Longtime residents of the Mobile community called “Africatown USA” recall the days when it was a beehive of activity, with Black descendants of the last slave ship to land in the United States tending gardens, running businesses and filling churches. Today, much of the place is a dilapidated landscape of empty lots and ramshackle, vacant homes.
A group formed earlier this year to help turn around the community has started work with hopes for revitalizing the struggling area.
The Africatown Redevelopment Corp. met for the first time on Thursday at a community center in the heart of Africatown, al.com reported. Members elected a chair and talked about goals including seeking funding grants and other financial assistance.
“We are hoping to get grants, contributions and hit the lottery,” said state Rep. Adline Clarke, D-Mobile, who sponsored legislation to form the nine-member organization.

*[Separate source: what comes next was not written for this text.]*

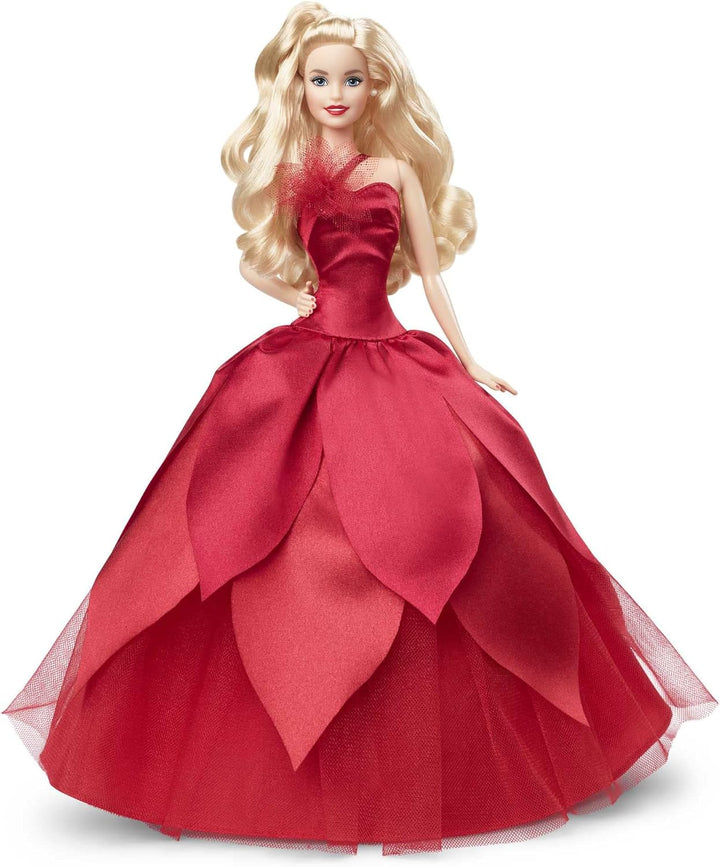 Barbie HBY03 - Signature Holiday Puppe 2022 (blonde Haare) im roten Kleid, mit rotem Lippenstift und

Former bank officer and restaurant owner Marc Jackson, the newly elected board president, said one improvement can lead to another, and housing will be a top priority.
“Providing affordable housing for the community and cleaning up the blight . once we start doing that, a lot of other things will follow,” he said.
The area has virtually no commerce besides heavy industry near the Mobile River.
Africatown has been the source of renewed interest in recent years since remains of the slave ship Clotilda were found in the river and publicly identified in 2019. A wealthy white businessman funded the ship’s final journey to Africa to obtain enslaved people, and the schooner arrived in Mobile shortly before the Civil War with more than 100 captive Africans who were forced into slavery.
After the war, some of the former slaves settled on the riverbank and formed Africatown. In decline for decades, new projects to emphasize the area’s history and bring in visitors are offering a chance for improvements.
A “Heritage House” museum is supposed to open next year, and tours are planed to tell the story of Africatown’s unique history. The Mobile County Commission approved a contract this summer to stabilize a dilapidated house dating to the late 1800s that could be linked to Clotilda survivors. Remains of the ship remain in the water, and it’s unclear what, if anything, might be done with them.
The redevelopment group isn’t directly involved in tourism promotion, but Clarke has high hopes for the group.
“It’s the only organization focusing solely on the total revitalization of Africatown,” Clarke said. “There are other organizations out there . that do a lot of good work in this area. But what this board is looking at is infill housing where there are vacant lots. We are restoring housing in disrepair if it can be done, or demolishing it and putting in a new structure at the site. We are trying to make this a whole neighborhood again.”